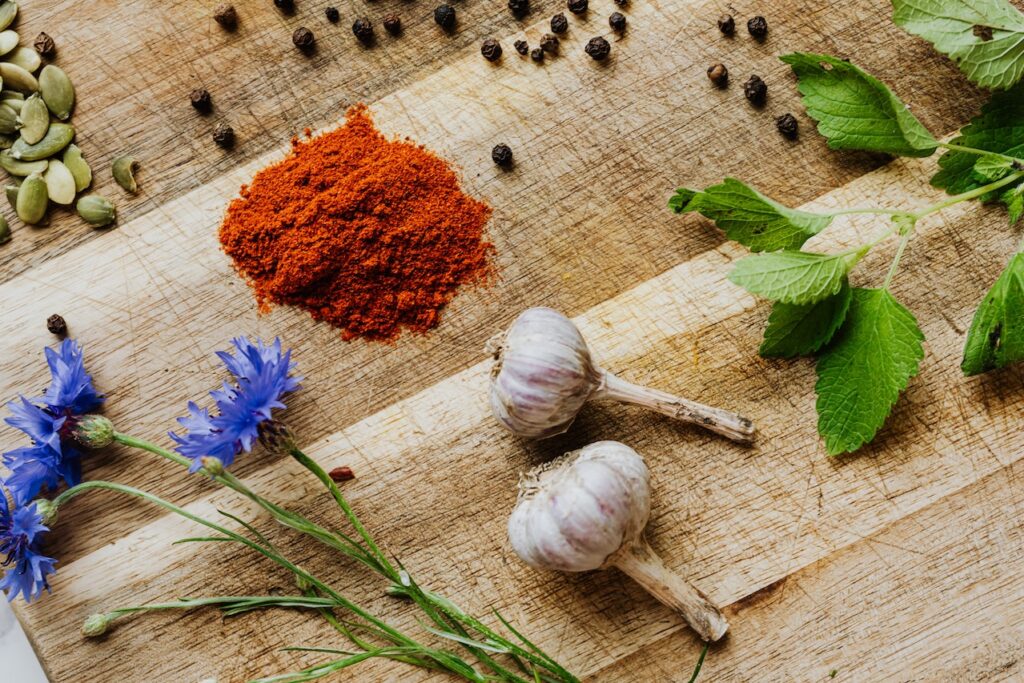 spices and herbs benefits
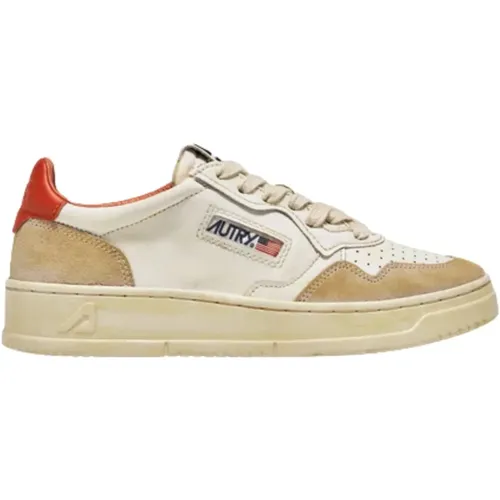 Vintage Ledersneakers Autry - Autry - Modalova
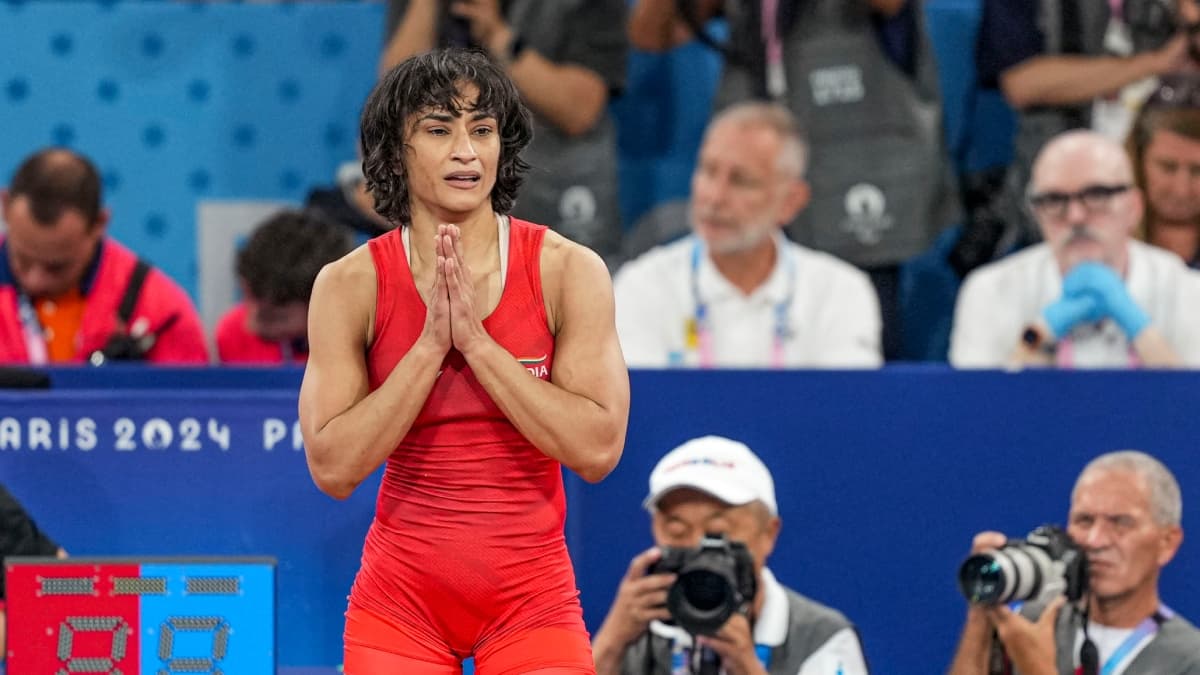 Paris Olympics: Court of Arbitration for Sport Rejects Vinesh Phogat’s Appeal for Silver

● ● ● ● ●

Reproduce the material word for word, but without its images.

> **EXPECTED ANSWER**:
 spices and herbs benefits
 Vintage Ledersneakers Autry - Autry - Modalova
 Paris Olympics: Court of Arbitration for Sport Rejects Vinesh Phogat’s Appeal for Silver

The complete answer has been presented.